Today Mayne is a deputy minister in the provincial Department of Innovation and Advanced Learning but remains a key member of the Island’s expanding bioscience sector. “The NRC institute is playing an important role in linking the modern technology of biotechnology with our traditional sectors of farming and fishing,” he says. “UPEI is the key reason the province has the institute. Our biotech resources are the best resources we have outside of our people. Diversification of our economy is vital, yet we remain linked to the land and sea.”

After a decade of building a bridge between the Island and the university, MacLauchlan is shoring his legacy before his stint as UPEI’s president ends in the summer of 2011. During his final year, he will focus on fundraising so when he leaves, the school will have no unfunded debt. “We’ll be approaching leading donors in the Atlantic region and beyond to help us ‘burn the mortgage,’ ” he says. This will include completing the funding for an expansion of the Atlantic Veterinary College and building a new school of nursing, as well as digitizing a huge archive of P.E.I. heritage. He plans to keep living on the Island in the community he grew up in, Stanhope, and to work in a private capacity. 

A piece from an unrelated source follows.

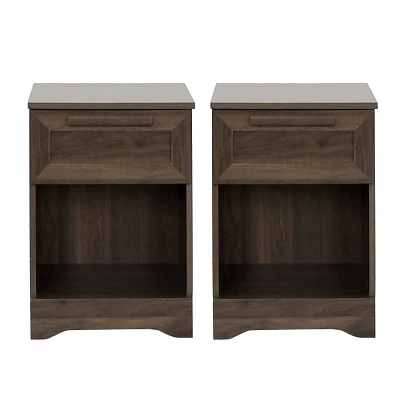 Christopher Knight Home Set of 2 Danbury Nightstands with Drawer Walnut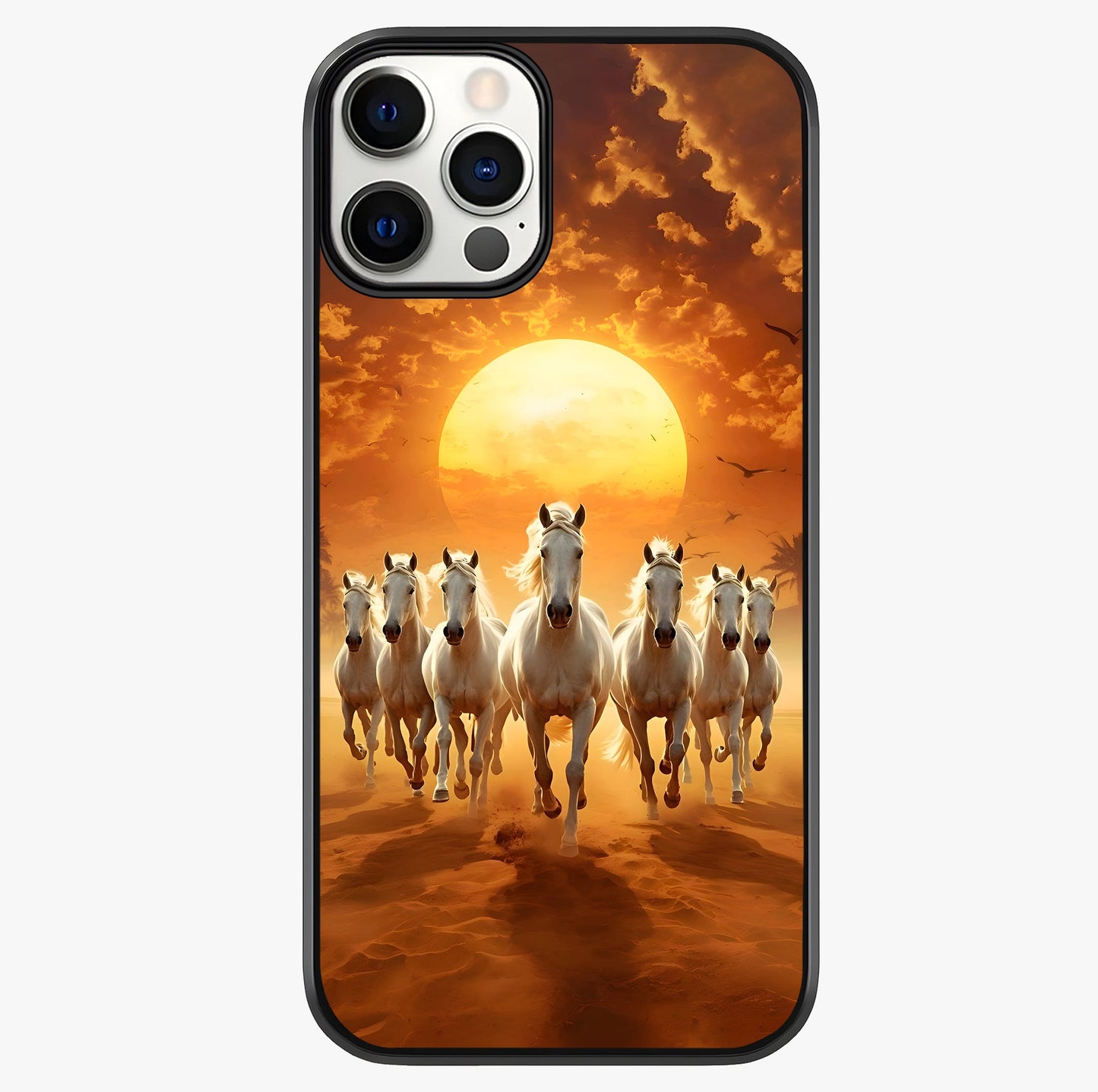 Wild Sunset Majesty Glass Case showing full back design in clean flat view with glossy glass finish.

In MacLauchlan’s opinion, the secret to P.E.I.’s future success lies in telling a story everyone wants to be part of. For him, it’s University Island. “By lighting up our community here at home through knowledge and a commitment to excellence, we ensure that UPEI and the province have a strong national and international brand,” he says. It’s part of his vision for a University Island that stretches from Murray Harbour to Tignish, from North Rustico to Charlottetown, and from P.E.I. to the rest of the world.